Task prompt:
Write out, word for word and with no pictures, each line below from the one containing "We can also" through the one containing "Another important point: when", both included, and no other line.

The records:
★ ★ ★ ★

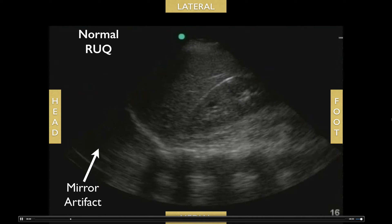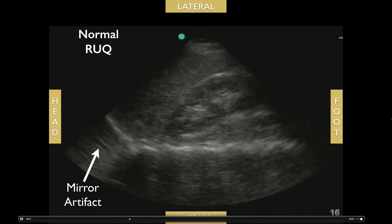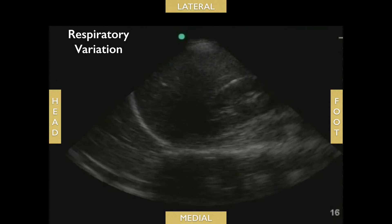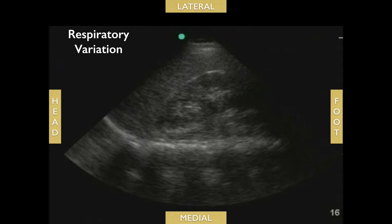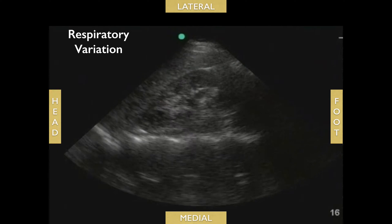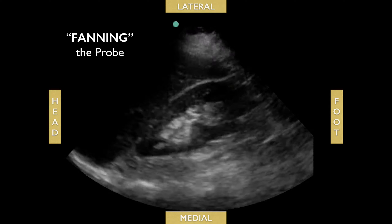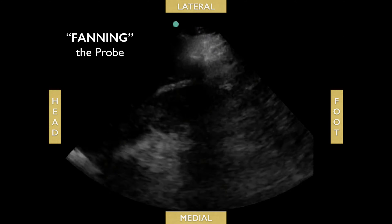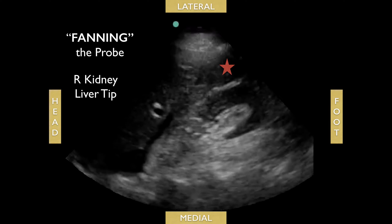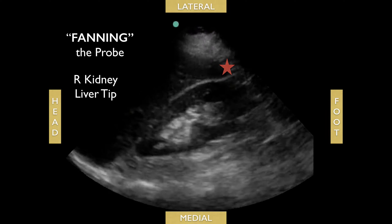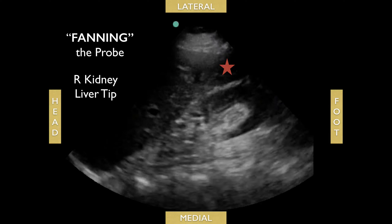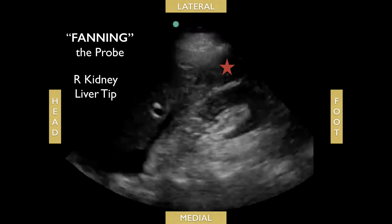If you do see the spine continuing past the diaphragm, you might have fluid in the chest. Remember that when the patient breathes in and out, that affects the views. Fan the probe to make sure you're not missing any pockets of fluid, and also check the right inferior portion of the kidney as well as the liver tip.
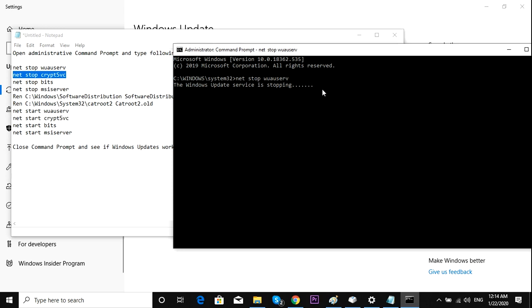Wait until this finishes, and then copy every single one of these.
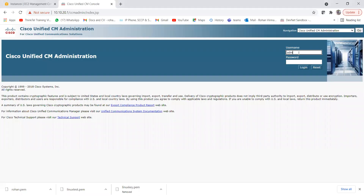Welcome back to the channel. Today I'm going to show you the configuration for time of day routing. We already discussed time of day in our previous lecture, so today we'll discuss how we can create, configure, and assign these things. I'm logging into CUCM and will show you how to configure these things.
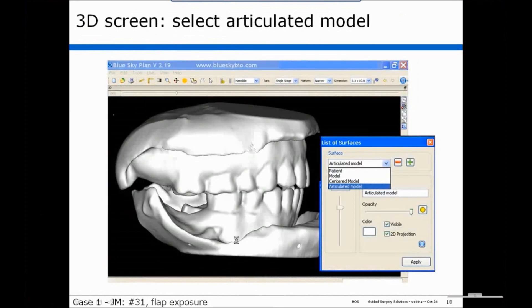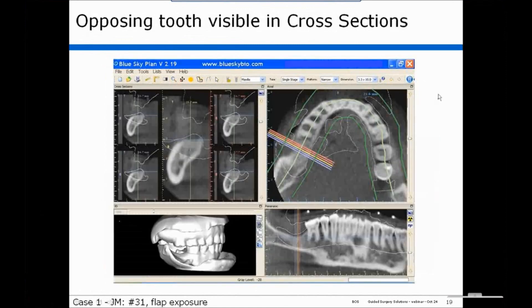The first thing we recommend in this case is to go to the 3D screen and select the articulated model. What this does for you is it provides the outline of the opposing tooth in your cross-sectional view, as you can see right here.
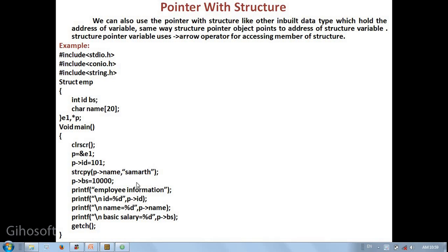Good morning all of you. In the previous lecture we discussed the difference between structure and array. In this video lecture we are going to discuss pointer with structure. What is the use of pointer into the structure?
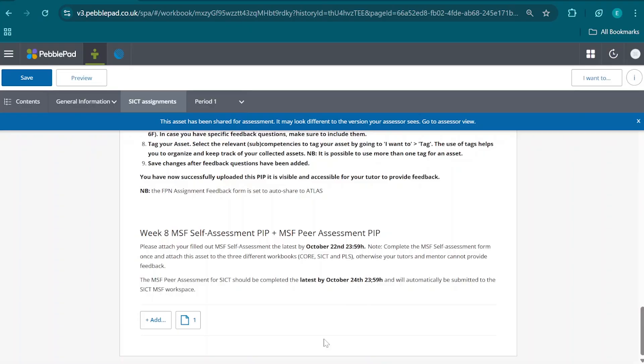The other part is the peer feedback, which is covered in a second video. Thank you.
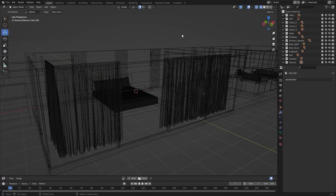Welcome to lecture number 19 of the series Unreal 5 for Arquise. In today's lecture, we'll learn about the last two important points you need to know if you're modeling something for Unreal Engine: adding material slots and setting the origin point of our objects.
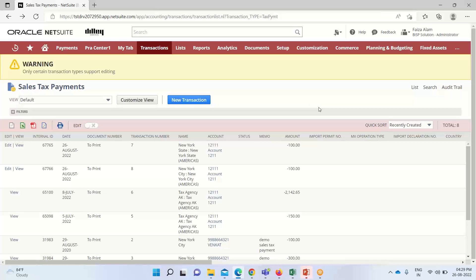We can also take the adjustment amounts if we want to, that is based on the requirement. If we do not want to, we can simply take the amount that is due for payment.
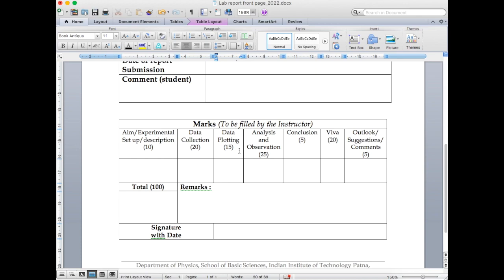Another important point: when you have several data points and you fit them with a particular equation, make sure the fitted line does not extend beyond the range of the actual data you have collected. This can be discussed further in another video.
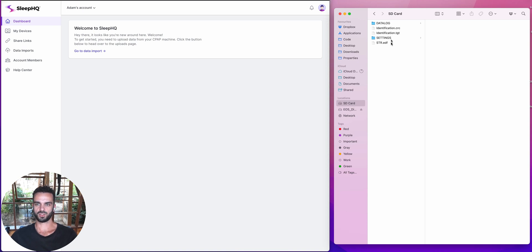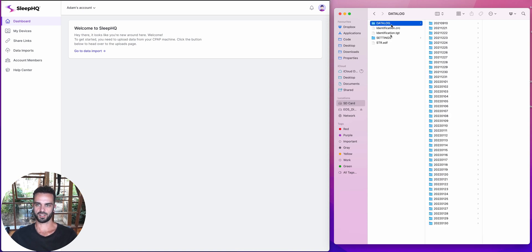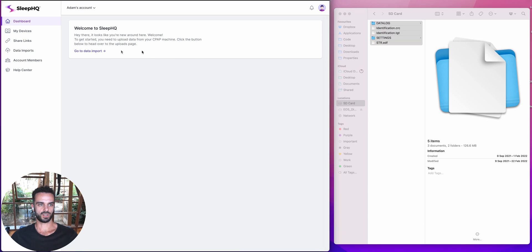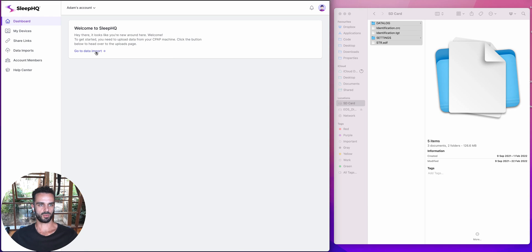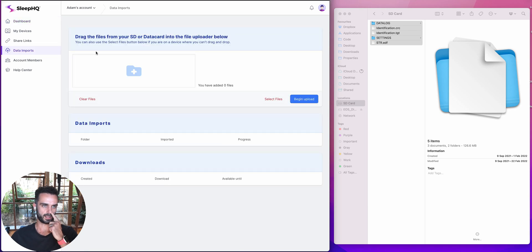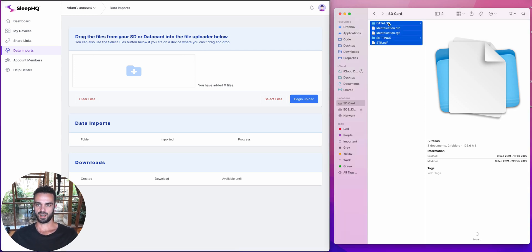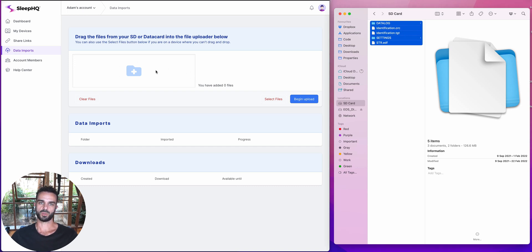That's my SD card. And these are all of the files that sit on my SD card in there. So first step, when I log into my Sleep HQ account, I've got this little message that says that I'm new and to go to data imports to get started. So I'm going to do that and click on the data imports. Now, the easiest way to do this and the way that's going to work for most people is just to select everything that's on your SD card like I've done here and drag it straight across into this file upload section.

★ ★ ★ ★

Exercise result:
We can also take the adjustment amounts if we want to, that is based on the requirement. If we do not want to, we can simply take the amount that is due for payment.
Another important point: when you have several data points and you fit them with a particular equation, make sure the fitted line does not extend beyond the range of the actual data you have collected. This can be discussed further in another video.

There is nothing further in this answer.